### Given records

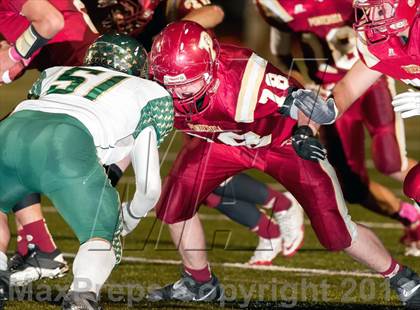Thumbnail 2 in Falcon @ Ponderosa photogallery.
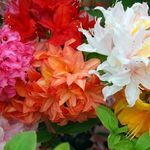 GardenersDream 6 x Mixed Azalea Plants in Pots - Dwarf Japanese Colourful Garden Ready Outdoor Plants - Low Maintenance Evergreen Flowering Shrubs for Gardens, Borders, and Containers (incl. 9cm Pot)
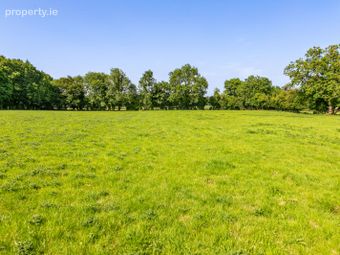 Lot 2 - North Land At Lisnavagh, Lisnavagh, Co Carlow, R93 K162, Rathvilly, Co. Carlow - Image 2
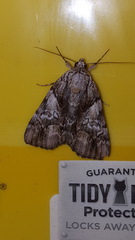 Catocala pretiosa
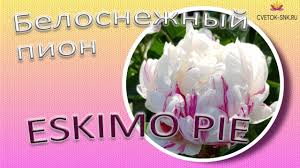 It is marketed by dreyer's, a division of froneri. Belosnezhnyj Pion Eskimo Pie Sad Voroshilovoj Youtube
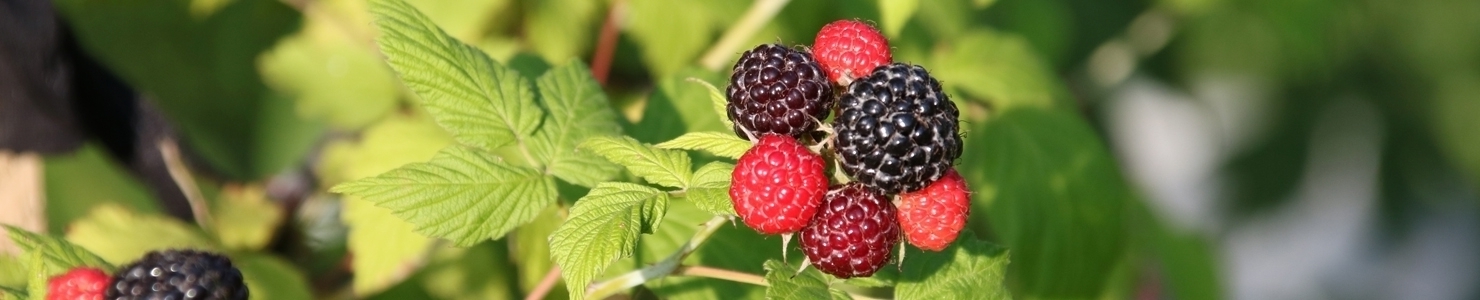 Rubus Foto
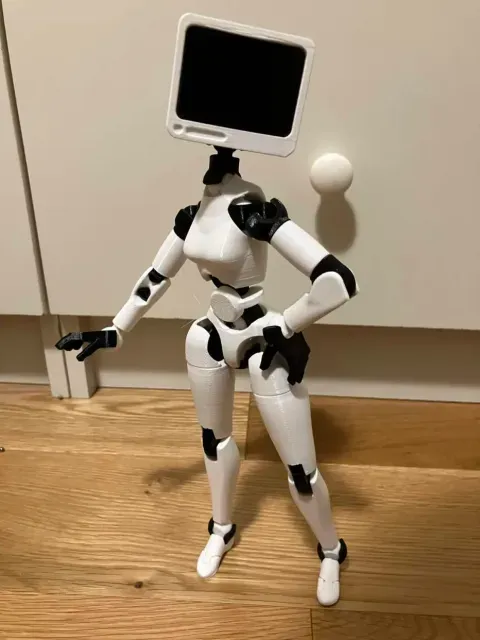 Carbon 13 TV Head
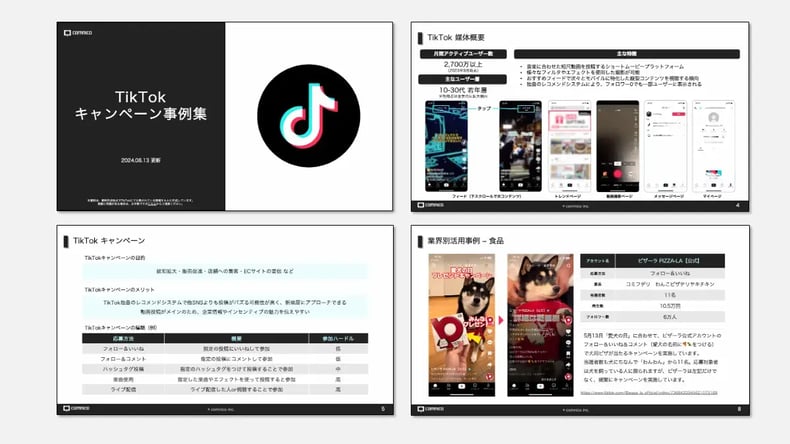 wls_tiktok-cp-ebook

### The problem
Give an exact copy of the entries, excluding all pictures.

### Exercise solution
Thumbnail 2 in Falcon @ Ponderosa photogallery.
 GardenersDream 6 x Mixed Azalea Plants in Pots - Dwarf Japanese Colourful Garden Ready Outdoor Plants - Low Maintenance Evergreen Flowering Shrubs for Gardens, Borders, and Containers (incl. 9cm Pot)
 Lot 2 - North Land At Lisnavagh, Lisnavagh, Co Carlow, R93 K162, Rathvilly, Co. Carlow - Image 2
 Catocala pretiosa
 It is marketed by dreyer's, a division of froneri. Belosnezhnyj Pion Eskimo Pie Sad Voroshilovoj Youtube
 Rubus Foto
 Carbon 13 TV Head
 wls_tiktok-cp-ebook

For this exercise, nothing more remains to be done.